After becoming minister, Butenko ordered the dissolution of all political councils, committees, party branches, and armed squads organized by transport employees during the revolution. Under his management, every railway directorate employed a commissar who personally reported to the minister and remained in contact with the hetman's authority. In order to solve the issue of debts, Butenko's ministry lowered the wages of railway employees, reduced the number of personnel, and abolished the right of railwaymen to free passage. At the same time, special compensational payments were introduced in order to cover the workers' rising expenses. By mid-1918 Butenko's ministry managed to restore regular operation of Ukrainian railways following a crisis caused by war and Bolshevik occupation. Under Butenko's leadership, the ministry worked on a plan of reconstruction of Zvirynets area in Kyiv, which had been damaged by explosions at an artillery warehouse, and also drafted projects on the establishment of a canal between the Dnieper and Siversky Donets, construction of a lock system on the Dnieper Rapids, planned oil exploration in the area of Odesa etc.

Following the establishment of a railway workers' trade union, Butenko's ministry refused to legalize it. After the declaration of a railway strike, he ordered to fire its participants. On 29 July 1918, Butenko survived an assassination attempt near his summer home in Pushcha-Vodytsia. According to an official investigation, the attempted murder was organized by the railwaymen's strike committee. The failed assassination was overshadowed by the killing of German field marshal Hermann von Eichhorn in Kyiv, which took place one day later. By mid-August 1918, the wave of railway strikes had been extinguished following repressions by the hetman's administration and Austro-German command. The government agreed to minor concessions, such as payment of delayed wages and improvement of supplies.
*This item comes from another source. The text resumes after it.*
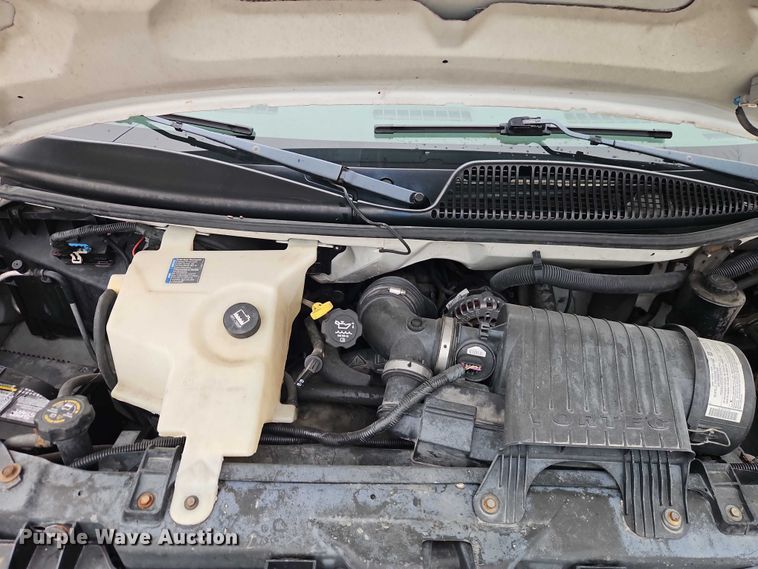image for item EO4850 2005 Chevrolet Express 2500  van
===Resignation and emigration===
Due to continuing sabotage and theft on the railways, on 20 October 1918 Butenko promoted the adoption of a special law, which increased security measures on the railways. On 26 October, he was reappointed to his ministerial position. On 12 November, he issued a decree introducing a state of emergency in railway transport. However, on 14 November 1918, Butenko left his post following the resignation of the Lyzohub Government.

After staying in Ukraine for some time, in 1919 he was forced to emigrate to Germany, and later settled in Hungary. In emigration, Butenko initially remained close to Skoropadsky, but also cooperated with Archduke Wilhelm of Austria. Looking for reconciliation with Russian monarchist circles, in May 1921 he took part in the international congress of Russian monarchists in Bad Reichenhall.

It was long believed that Butenko died in 1926 in Budapest. However, an obituary published by the Magyar Távirati Iroda states that his death took place on 9 December 1940 at a hospital. He was buried on 15 December of the same year at the New Cemetery in Budapest.